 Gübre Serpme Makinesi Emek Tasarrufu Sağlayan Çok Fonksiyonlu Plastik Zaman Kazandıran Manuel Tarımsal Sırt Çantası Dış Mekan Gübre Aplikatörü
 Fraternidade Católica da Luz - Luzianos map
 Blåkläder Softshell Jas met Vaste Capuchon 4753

* * *

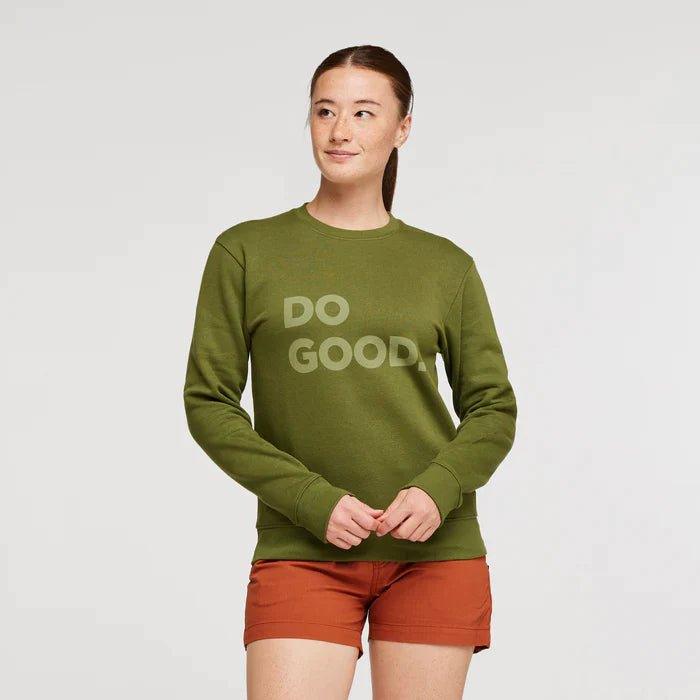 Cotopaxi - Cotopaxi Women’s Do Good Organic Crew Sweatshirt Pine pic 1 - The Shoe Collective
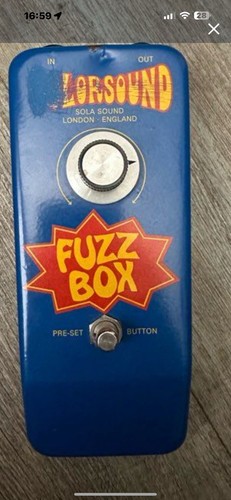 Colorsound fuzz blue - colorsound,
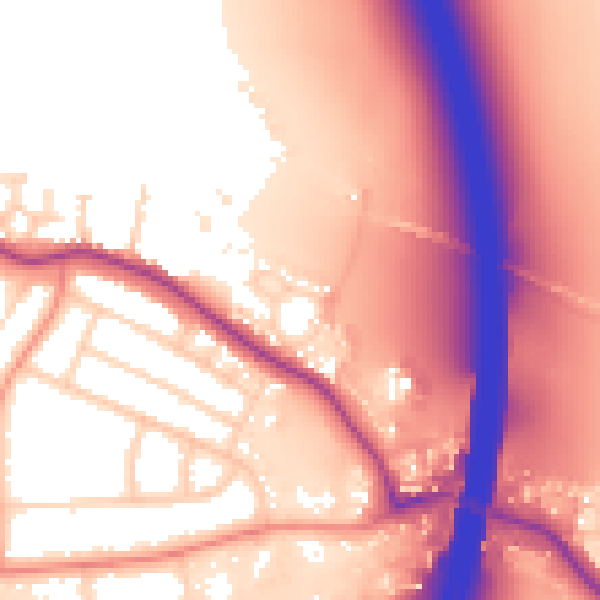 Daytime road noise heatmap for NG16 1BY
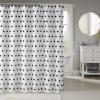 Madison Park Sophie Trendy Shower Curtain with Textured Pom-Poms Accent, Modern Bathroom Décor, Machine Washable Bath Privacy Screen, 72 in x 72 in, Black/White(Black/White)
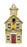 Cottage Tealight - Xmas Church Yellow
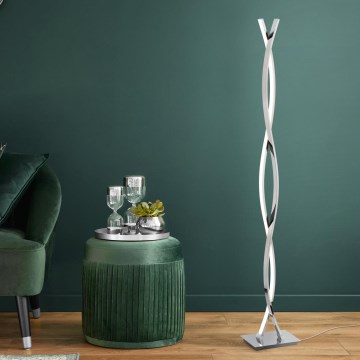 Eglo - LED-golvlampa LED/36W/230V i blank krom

* * *

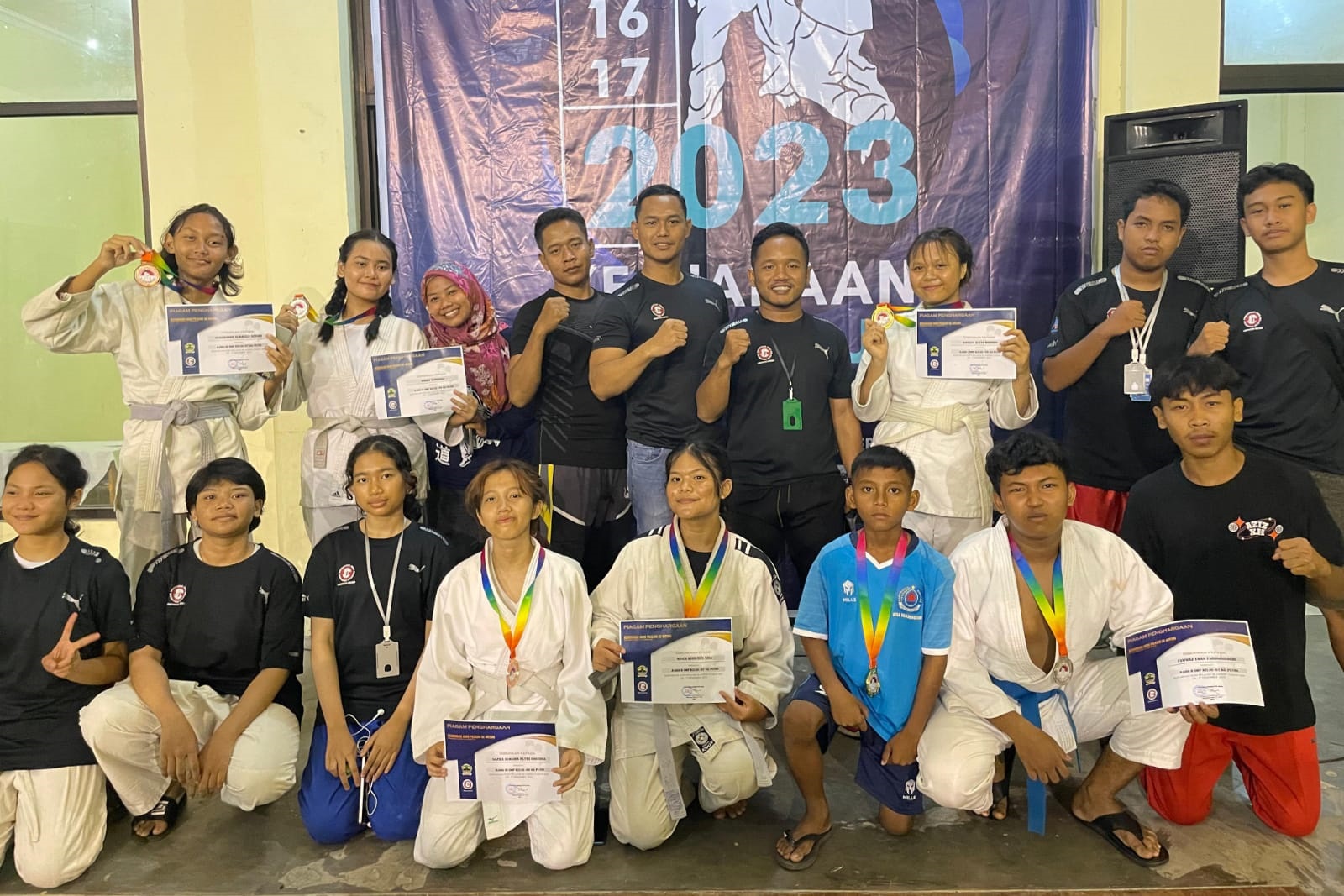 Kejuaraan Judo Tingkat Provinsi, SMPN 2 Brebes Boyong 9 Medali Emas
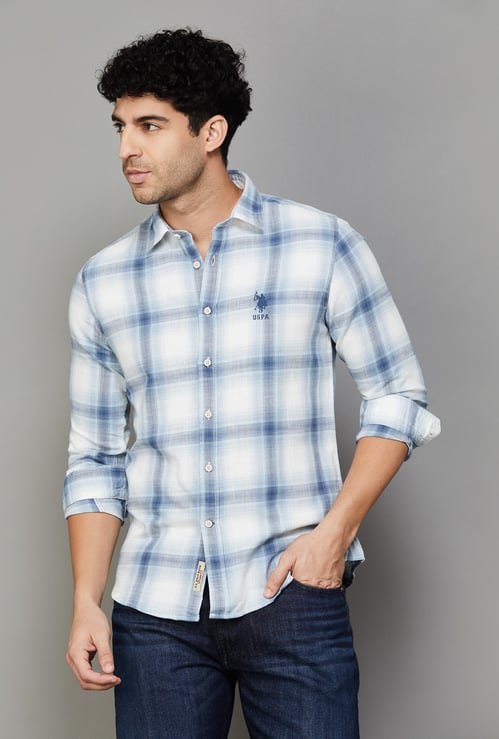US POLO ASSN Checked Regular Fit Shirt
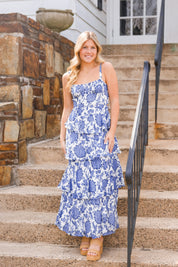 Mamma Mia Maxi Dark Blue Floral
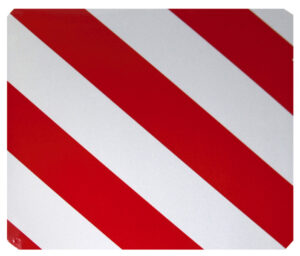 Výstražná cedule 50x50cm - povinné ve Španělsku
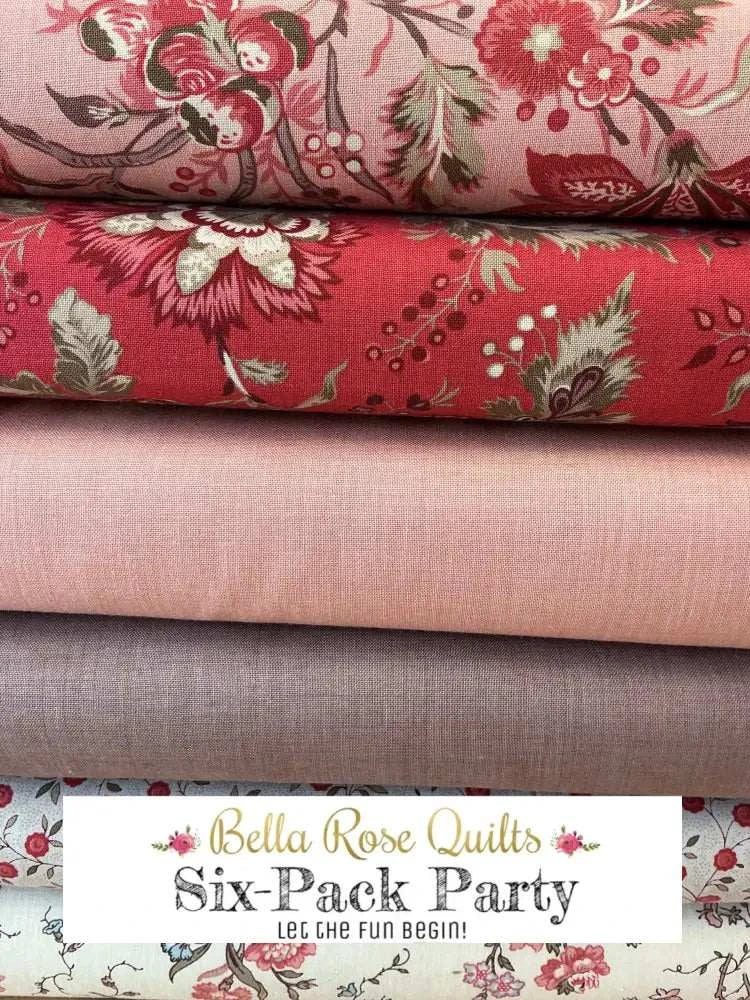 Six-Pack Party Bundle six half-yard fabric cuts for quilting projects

**Work to complete:**
Within the entries above, give again exactly the lines starting at the one that contains "Mamma Mia Maxi Dark Blue Floral" and ending at the one that contains "Six-Pack Party Bundle", leaving out the pictures.

**Completed task:**
 Mamma Mia Maxi Dark Blue Floral
 Výstražná cedule 50x50cm - povinné ve Španělsku
 Six-Pack Party Bundle six half-yard fabric cuts for quilting projects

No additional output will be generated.